Is $H:=\{a\in G: a * s = s * a,\forall s\in S\}$ really a subgroup?

Question

Let $(G, *)$ be a group and $S\subset G$. How can I show that

$$H:=\{a\in G: a * s = s * a,\ \forall s\in S\}$$ is a subgroup of $G$?

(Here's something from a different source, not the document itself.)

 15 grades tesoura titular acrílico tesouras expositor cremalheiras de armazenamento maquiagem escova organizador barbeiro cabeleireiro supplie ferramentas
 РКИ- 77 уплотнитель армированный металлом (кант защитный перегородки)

It is easy to show $H\neq \phi$ and $H$ is closed under $*$. But, how about the inversion?

Thanks.

Answer 1

If $a \in H$, then we know $$ a \ast s = s \ast a $$ for each $s \in S$. Let us multiply by $a^{-1}$ on both the right and the left, to get $$ a^{-1} \ast a \ast s \ast a^{-1} = a^{-1} \ast s \ast a \ast a^{-1} \,, $$ which simplifies to $$ s \ast a^{-1} = a^{-1} \ast s \,. $$ Since this holds for all $s \in S$, we have shown that $a^{-1} \in H$.

Answer 2

Yes, $H$ is closed under inversion.

Suppose that there is an $a \in H$ such that $a^{-1}$ is not in $H$. Then $a^{-1}*s \not = s*a^{-1}$ for some $s \in S$. But then right-multiplying both sides by $a$ would give (1) $(a^{-1}*s)*a \not = (s*a^{-1})*a$.

However, on the one hand $(a^{-1}*s)*a = a^{-1}*(s*a) = a^{-1}*(a*s) = a^{-1}*a*s = s$. So this implies that (2) $(a^{-1}*s)*a = s$. On the other hand $(sa^{-1})*a = s*(a^{-1}*a)=s$. So this implies that (3) $(s*a^{-1})*a = s$ as well.

There is no way that (1), (2), and (3) can all hold.